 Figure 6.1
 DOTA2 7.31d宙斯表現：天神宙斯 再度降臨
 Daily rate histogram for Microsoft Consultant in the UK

» What is expected
Quote exactly what appears from the line containing "DOTA2 7.31d宙斯表現：天神宙斯 再度降臨" through the final line of the listing above, including both of those lines.

» Solution to the exercise
 DOTA2 7.31d宙斯表現：天神宙斯 再度降臨
 Daily rate histogram for Microsoft Consultant in the UK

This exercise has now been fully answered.